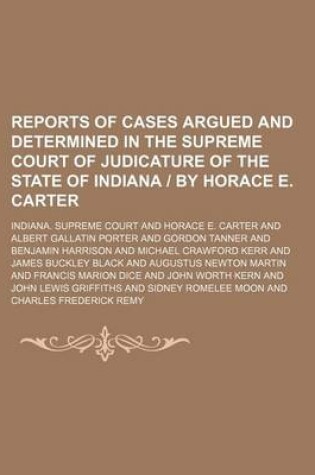 Cover of Reports of Cases Argued and Determined in the Supreme Court of Judicature of the State of Indiana by Horace E. Carter (Volume 75)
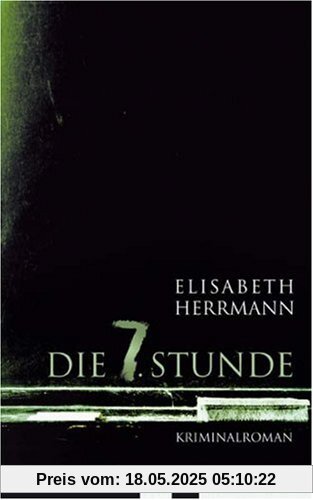 Die siebte Stunde Die siebte Stunde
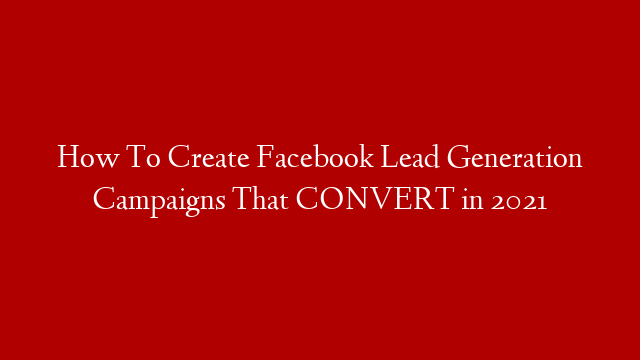 How To Create Facebook Lead Generation Campaigns That CONVERT in 2021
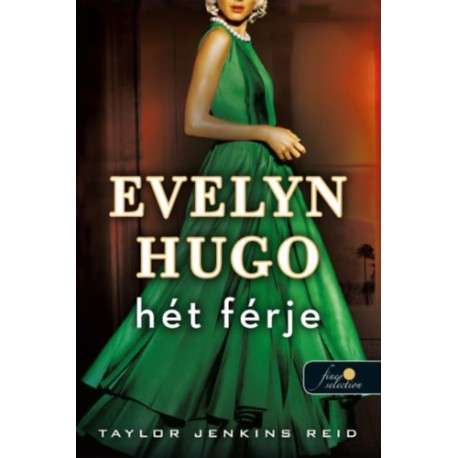 Taylor Jenkins Reid: Evelyn Hugo hét férje
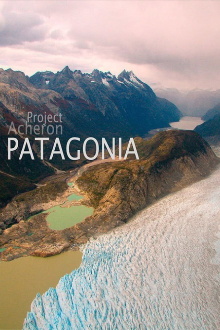 Project Acheron: Patagonia Trailer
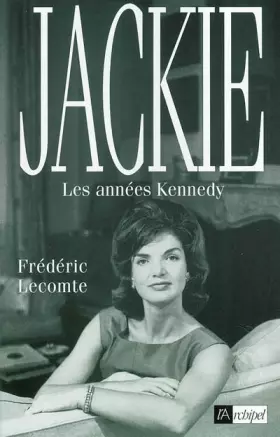 Couverture du produit · Jackie, les années Kennedy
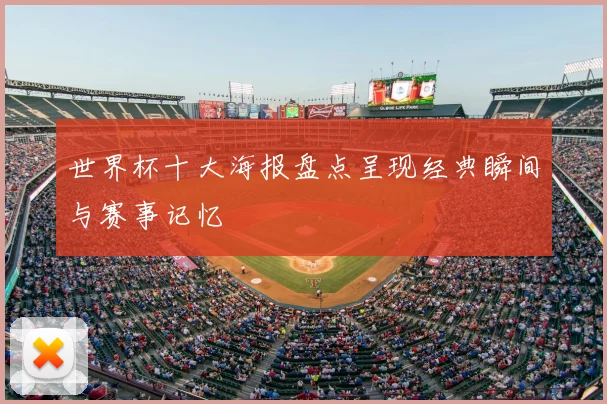 世界杯十大海报盘点呈现经典瞬间与赛事记忆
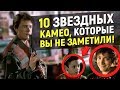 10 ЗВЁЗДНЫХ КАМЕО, которые ВЫ НЕ ЗАМЕТИЛИ!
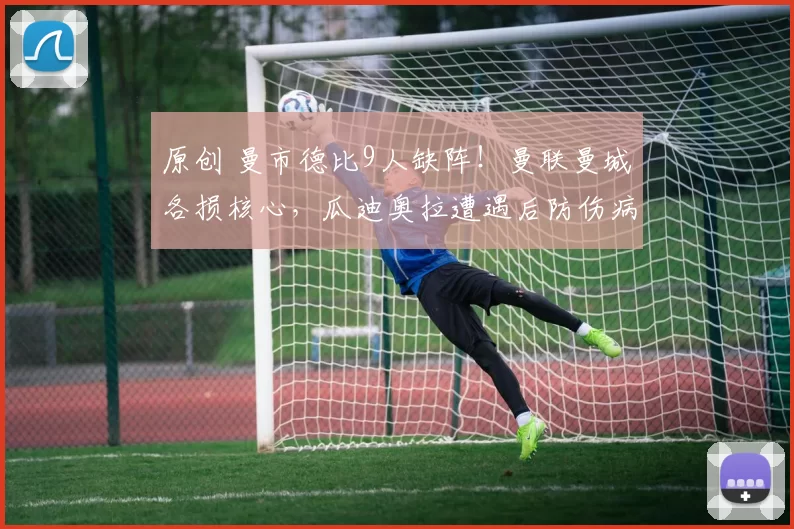 原创 曼市德比9人缺阵!曼联曼城各损核心,瓜迪奥拉遭遇后防伤病焦虑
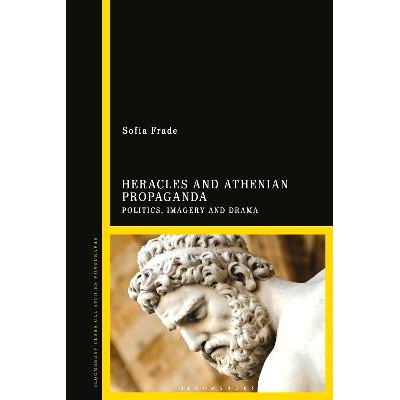 预订 Heracles and Athenian Propaganda: Politics, Imagery and Drama 赫拉克勒斯与雅典宣传：政治、意象与戏剧: 9781350370678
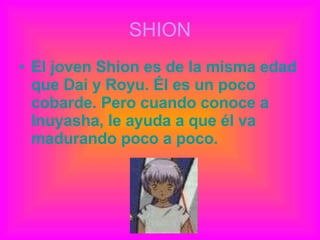SHION El joven Shion es de la misma edad que Dai y Royu. Él es un poco cobarde. Pero cuando conoce a Inuyasha, le ayuda a que él va madurando poco a poco.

[Work required]
Each line from the one that holds "How To Create" through the end of the material should be repeated exactly, and nothing more. Leave out any picture.

[Problem solution]
 How To Create Facebook Lead Generation Campaigns That CONVERT in 2021
 Taylor Jenkins Reid: Evelyn Hugo hét férje
 Project Acheron: Patagonia Trailer
 Couverture du produit · Jackie, les années Kennedy
 世界杯十大海报盘点呈现经典瞬间与赛事记忆
 10 ЗВЁЗДНЫХ КАМЕО, которые ВЫ НЕ ЗАМЕТИЛИ!
 原创 曼市德比9人缺阵!曼联曼城各损核心,瓜迪奥拉遭遇后防伤病焦虑
 预订 Heracles and Athenian Propaganda: Politics, Imagery and Drama 赫拉克勒斯与雅典宣传：政治、意象与戏剧: 9781350370678
SHION El joven Shion es de la misma edad que Dai y Royu. Él es un poco cobarde. Pero cuando conoce a Inuyasha, le ayuda a que él va madurando poco a poco.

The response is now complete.